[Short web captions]
------------
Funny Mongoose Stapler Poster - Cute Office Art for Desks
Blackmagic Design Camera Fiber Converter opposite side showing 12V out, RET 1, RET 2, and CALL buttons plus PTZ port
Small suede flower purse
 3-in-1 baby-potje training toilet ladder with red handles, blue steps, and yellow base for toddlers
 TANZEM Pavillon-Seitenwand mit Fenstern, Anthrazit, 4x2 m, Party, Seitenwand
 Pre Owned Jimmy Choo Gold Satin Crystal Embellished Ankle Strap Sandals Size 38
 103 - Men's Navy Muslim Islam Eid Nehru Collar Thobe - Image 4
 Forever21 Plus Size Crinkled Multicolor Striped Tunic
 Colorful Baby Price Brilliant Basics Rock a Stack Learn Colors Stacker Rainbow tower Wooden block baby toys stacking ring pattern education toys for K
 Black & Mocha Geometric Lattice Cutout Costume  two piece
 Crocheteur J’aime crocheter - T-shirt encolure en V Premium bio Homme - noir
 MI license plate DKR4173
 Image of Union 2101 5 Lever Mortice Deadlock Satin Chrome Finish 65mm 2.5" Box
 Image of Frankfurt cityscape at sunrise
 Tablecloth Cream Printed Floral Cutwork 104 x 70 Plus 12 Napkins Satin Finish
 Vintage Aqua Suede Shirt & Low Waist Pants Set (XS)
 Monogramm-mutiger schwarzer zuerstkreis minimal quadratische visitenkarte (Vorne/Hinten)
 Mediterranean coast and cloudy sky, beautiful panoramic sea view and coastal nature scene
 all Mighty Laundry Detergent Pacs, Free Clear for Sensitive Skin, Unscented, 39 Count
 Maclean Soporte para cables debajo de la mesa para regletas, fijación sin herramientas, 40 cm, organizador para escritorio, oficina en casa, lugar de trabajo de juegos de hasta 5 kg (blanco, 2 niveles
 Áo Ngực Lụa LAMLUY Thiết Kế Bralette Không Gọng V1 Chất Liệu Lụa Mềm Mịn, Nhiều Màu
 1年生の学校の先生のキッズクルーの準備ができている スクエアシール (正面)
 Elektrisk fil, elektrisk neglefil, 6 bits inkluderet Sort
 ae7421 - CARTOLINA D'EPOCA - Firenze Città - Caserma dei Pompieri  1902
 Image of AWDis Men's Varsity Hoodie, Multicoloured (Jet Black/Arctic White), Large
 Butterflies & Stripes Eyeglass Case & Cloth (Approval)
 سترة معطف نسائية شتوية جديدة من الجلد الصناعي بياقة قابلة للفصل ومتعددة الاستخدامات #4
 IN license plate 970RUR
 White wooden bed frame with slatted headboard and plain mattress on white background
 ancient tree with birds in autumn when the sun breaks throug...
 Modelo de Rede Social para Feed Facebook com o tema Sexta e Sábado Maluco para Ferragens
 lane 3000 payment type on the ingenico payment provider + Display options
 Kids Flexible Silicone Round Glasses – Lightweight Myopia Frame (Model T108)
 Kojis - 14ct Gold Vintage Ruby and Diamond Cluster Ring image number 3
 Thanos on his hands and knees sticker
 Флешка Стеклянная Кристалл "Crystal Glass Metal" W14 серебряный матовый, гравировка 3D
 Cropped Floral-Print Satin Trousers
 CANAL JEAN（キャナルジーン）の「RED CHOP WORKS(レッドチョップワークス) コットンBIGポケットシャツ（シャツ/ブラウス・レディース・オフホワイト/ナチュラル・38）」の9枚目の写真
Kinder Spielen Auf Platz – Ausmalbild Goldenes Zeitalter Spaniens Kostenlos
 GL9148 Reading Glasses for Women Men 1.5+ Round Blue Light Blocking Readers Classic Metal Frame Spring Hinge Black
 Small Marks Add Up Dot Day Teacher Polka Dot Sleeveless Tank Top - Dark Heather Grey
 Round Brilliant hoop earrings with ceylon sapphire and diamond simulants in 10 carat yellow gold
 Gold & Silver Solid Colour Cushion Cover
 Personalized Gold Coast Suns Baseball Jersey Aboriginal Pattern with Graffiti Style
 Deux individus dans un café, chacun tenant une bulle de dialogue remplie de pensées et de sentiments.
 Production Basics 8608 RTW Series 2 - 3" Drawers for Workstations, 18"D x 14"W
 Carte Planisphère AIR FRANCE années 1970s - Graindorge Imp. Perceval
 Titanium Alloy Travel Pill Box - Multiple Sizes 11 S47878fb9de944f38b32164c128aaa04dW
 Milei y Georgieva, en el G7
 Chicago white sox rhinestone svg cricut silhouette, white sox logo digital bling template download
------------
**Work instructions**:
Out of the data above, set down the lines from the one with "Image of Frankfurt cityscape at sunrise" to the one with "Monogramm-mutiger schwarzer zuerstkreis", both included, exactly as written and with no additions.

**Answer to this problem**:
 Image of Frankfurt cityscape at sunrise
 Tablecloth Cream Printed Floral Cutwork 104 x 70 Plus 12 Napkins Satin Finish
 Vintage Aqua Suede Shirt & Low Waist Pants Set (XS)
 Monogramm-mutiger schwarzer zuerstkreis minimal quadratische visitenkarte (Vorne/Hinten)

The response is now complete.